Every line between the top of the data below and the line with "Federal mandate vs", both ends included, must be retyped exactly.

# [Scraped caption text data]
——

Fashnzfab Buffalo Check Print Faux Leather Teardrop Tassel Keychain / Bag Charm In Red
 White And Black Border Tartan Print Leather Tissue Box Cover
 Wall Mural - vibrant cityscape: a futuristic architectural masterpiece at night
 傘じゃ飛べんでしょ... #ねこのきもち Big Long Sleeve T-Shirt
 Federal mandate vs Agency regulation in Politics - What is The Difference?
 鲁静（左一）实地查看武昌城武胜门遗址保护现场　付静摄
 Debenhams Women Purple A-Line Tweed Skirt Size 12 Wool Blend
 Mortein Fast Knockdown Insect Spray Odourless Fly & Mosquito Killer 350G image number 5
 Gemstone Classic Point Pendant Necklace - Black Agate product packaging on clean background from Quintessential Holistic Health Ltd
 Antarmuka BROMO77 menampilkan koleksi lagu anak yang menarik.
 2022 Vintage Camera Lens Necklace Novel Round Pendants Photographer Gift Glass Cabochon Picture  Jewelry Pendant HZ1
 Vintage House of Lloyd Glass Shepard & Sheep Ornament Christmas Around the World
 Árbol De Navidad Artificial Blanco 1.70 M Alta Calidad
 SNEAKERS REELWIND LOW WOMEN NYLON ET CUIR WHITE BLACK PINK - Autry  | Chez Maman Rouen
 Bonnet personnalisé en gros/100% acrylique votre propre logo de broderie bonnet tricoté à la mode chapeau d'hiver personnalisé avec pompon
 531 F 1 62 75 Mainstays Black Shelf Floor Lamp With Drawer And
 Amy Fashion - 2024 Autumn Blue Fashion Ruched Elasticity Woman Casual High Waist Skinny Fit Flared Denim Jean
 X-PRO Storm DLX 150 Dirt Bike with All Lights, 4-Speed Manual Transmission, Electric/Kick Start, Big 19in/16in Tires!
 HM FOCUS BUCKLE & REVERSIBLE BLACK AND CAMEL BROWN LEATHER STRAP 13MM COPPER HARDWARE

——

# [Answer to the exercise]
Fashnzfab Buffalo Check Print Faux Leather Teardrop Tassel Keychain / Bag Charm In Red
 White And Black Border Tartan Print Leather Tissue Box Cover
 Wall Mural - vibrant cityscape: a futuristic architectural masterpiece at night
 傘じゃ飛べんでしょ... #ねこのきもち Big Long Sleeve T-Shirt
 Federal mandate vs Agency regulation in Politics - What is The Difference?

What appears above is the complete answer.